I am trying to find a high-resolution image of the freighter UMTATA, built in 1935. I am also trying to find out if she was armed with a stern deck gun at the time of her loss in July 1942 (torpedoed by U-571).
Any help you can provide is greatly appreciated.
Cheers,
Mike


----------



## benjidog (Oct 27, 2005)

Well I can't say anything about where the guns were located but this may help:

This ship got a run of bad luck by all accounts.

1. She was damaged by U161 on 10 March 1942 but salvaged.

This page has a photo and includes a reference to there being four gunners on board: http://uboat.net/allies/merchants/ships/1419.html

2. She was sunk by U571 on 7 July while under tow for permanent repairs.
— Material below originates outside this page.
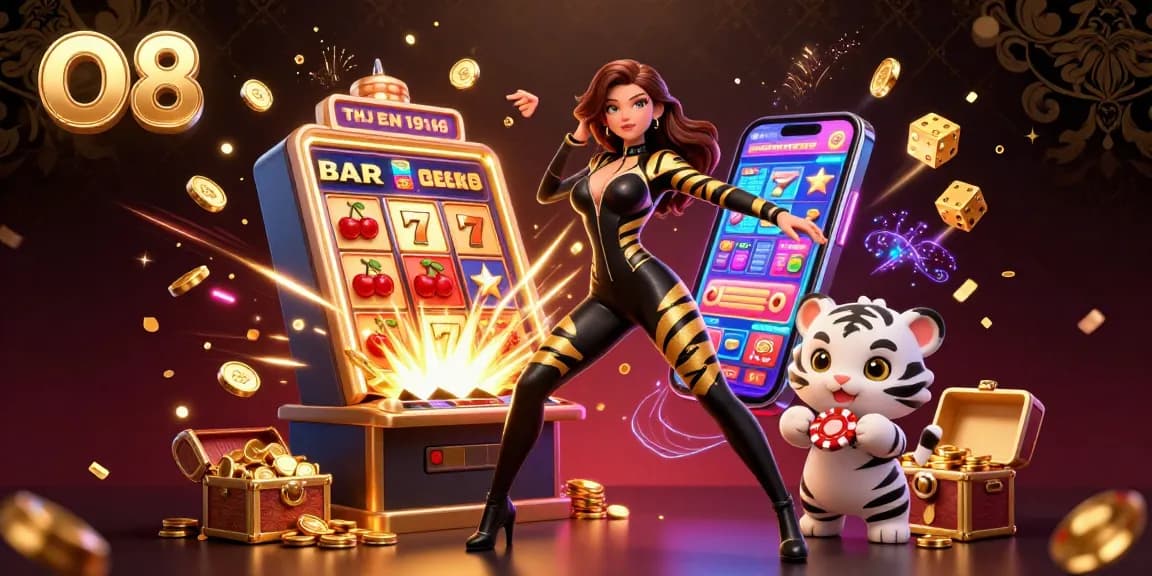 Experience thrilling gaming at O8 with a vibrant illustration of exciting slot machines and playful characters.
The site also has a photo.


----------



## David Davies (Dec 11, 2006)

Mike
I was 3rd mate on her sister ship Umgeni in 1953. Umgeni still had her gunnery telephones on the bridge and these included one to her stern gun, among others. 
Regards
David


----------



## mbarnette (Oct 30, 2007)

David Davies said:


> Mike
> I was 3rd mate on her sister ship Umgeni in 1953. Umgeni still had her gunnery telephones on the bridge and these included one to her stern gun, among others.
> Regards
> David


Were these single- or twin-screw vessels?
Thanks,
Mike


----------



## benjidog (Oct 27, 2005)

The following information is available about Umtata on Miramar:

Launch Date:30.8.35
Typeassenger/cargo
Date of completion:11.35
Tons:8137
Yard No:1480
Length overall:137.6 metres
Beam:18.7 metres
Builder:Swan Hunter WR
Location of yard:Low Walker
Number of screws 2
Triple Expansion steam engine
Speed 15 knots
Owner as Completed:Bullard, King & Co Ltd

Sunk by submarine torpedo at position 25.35N/80.02W on 07.07.1942

I hope this is helpful.


----------



## TonyR (Sep 24, 2006)

a selection of photos of the Umtata can be found at www.photoship.co.uk


----------



## David Davies (Dec 11, 2006)

Umtata, Umtali and Umgeni were twin screw triple expansion with exhaust turbines. Their passenger capacity was 104 one class passengers.


----------



## mbarnette (Oct 30, 2007)

David Davies said:


> Mike
> I was 3rd mate on her sister ship Umgeni in 1953. Umgeni still had her gunnery telephones on the bridge and these included one to her stern gun, among others.
> Regards
> David


Sorry to keep bothering you, but could you tell me where the bell was mounted on the UMGENI? Was it up on the forecastle, on the base of the mast, of front of superstructure, etc.?
Thanks in advance for the information.
Cheers,
Mike


----------



## K urgess (Aug 14, 2006)

Looks like it's just by the ventilator on the focsle.
http://www.shipsnostalgia.com/gallery/showphoto.php?photo=130693


----------



## David Davies (Dec 11, 2006)

Mike
Only glad to help, the main bell was mounted on the foc'sl head for both lookout and anchor work with a smaller bell on the wheel house bridge front bulkhead with a lanyard to the QM to strike the time upto 2200hrs and starting at 0800hrs
Regards
David


----------